How to create cudaTextureObject with texture raw data in Block Compressed (BC) format?

Hi,
Now I’ve got a block of 2D texture raw data loaded from file (which has already been compiled and encoded with BC3/S3TC format). The CUDA runtime API cudaCreateTextureObject() require 3 descriptive struct, and the cudaResourceViewDesc seems to support BC3 format.
My questions are:

  • What should be the width/height/channelDesc when I cudaMallocArray()? What should be noted to fill those desc struct?
  • How to sample this 2D texture object of compressed format in CUDA program? Is Tex2D() ok?

BC3 format encodes 4x4 pixel block with 16 bytes, so the concept ‘pixel’ became useless (seems to me). Now I am allocating BlockWidth * BlockHeight with 4 uint32 channels for my resource and the texture can’t be sampled properly.

Environment:
Optix SDK 7.0, Win10, CUDA 10.2, GTX 1060

Thanks!

Hey this is a good question, and I don’t know the answer. Someone else on the team might be able to help tomorrow, but I thought you might be able to find an answer more quickly if you cross-posted this to the CUDA forum, since it’s really more of a CUDA API question than OptiX. https://forums.developer.nvidia.com/c/accelerated-computing/cuda/cuda-programming-and-performance/7

Hopefully someone here can help, but please do post here with the answer if you find out.


David.

Thanks David for your reply!
After a whole day’s suffering trial and errors, I managed to find out the answer (probably):

For example, if we are using a 256x256 texture with BC3 format, which encodes 4x4 pixels into one block with 16 bytes, we can know that this texture has 64x64 compressed blocks.

  • According to some hints from the document of cudaCreateTextureObject(), the ‘underlying resource’ channel desc should be uint4 / R32G32B32A32_UNSIGNED_INT for BC3 format, width =64, height = 64. Then, the resourceViewDesc should be filled with width = 256, height = 256, format=BC3 to re-interpret the ‘underlying resource’ in another way.
  • tex2D< float4 >() can be used in CUDA kernel to sample the texture.
  • texture filter mode can’t be set to ‘Linear’ because the resource use UNSIGNED_INT channels.

anyway, it seems to work finally.

Be careful about block compressed mipmaps though. The CUDA implementation of block compressed textures is not handling any texture levels with extents which are not a multiple of 4.
That’s due to the order in which the mipmaps are allocated and then re-interpreted with a resource view as a block compressed format. Since the mipmaps are not allocated with the necessary rounding (up) to 4x4 blocks but using the actual rounded (down) texels, the texture level extents are not matching the required block compressed extends for those.

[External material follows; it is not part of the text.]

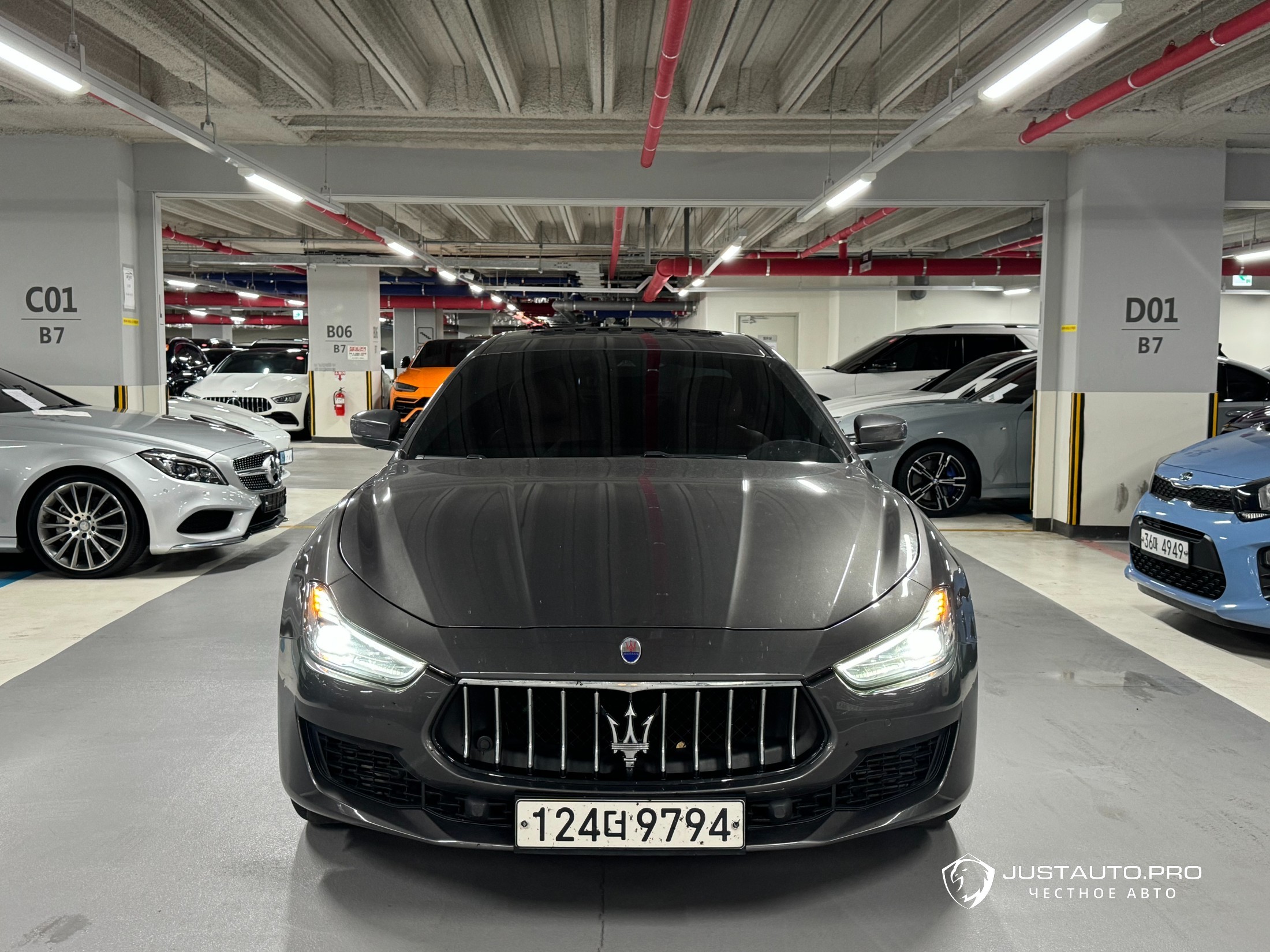 Автомобиль Maserati Ghibli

Means non-mipmapped textures with extents being a multiple of 4 will work. Other textures would need to be scaled.
Mipmaps would need to be limited to the smallest level which still has multiple of 4 extents both when downloading and sampling (set the texture description max mipmap level clamp.)

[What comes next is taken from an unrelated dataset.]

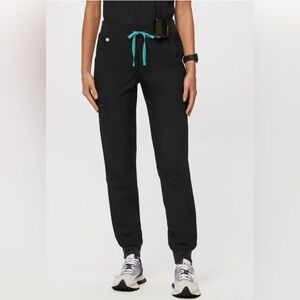 FIGS Zamora 
Jogger Scrub Pants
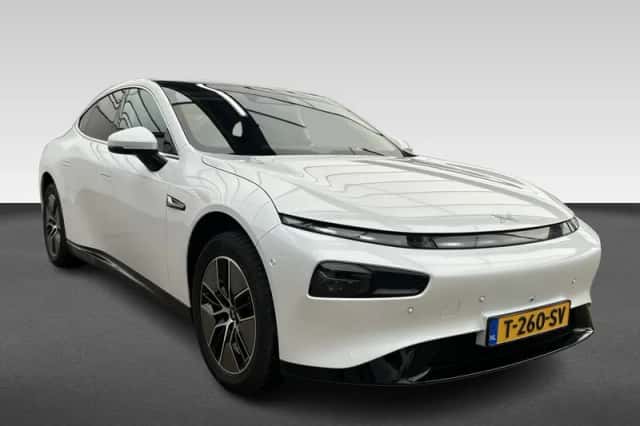 XPENG P7 (2023) thumbnail 6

That block compressed resource view method is insufficient and requires a different API with native block compressed formats instead to determine the correct mipmap sizes in blocks. This is a long standing CUDA bug I filed after analyzing this problem:
https://forums.developer.nvidia.com/t/mip-map-with-block-compressed-texture/72170

2 Likes

Thanks detlef! Our project compiles textures to make sure its width/height are power of 2. And I abandoned last 2 mip levels when I create the CUDA texture object. This is a compromise I worked out for BC mipmap problem.

Right, but that will only work for square non-power of two textures.
Rectangular textures can have more than two mipmap levels with extents smaller than 4.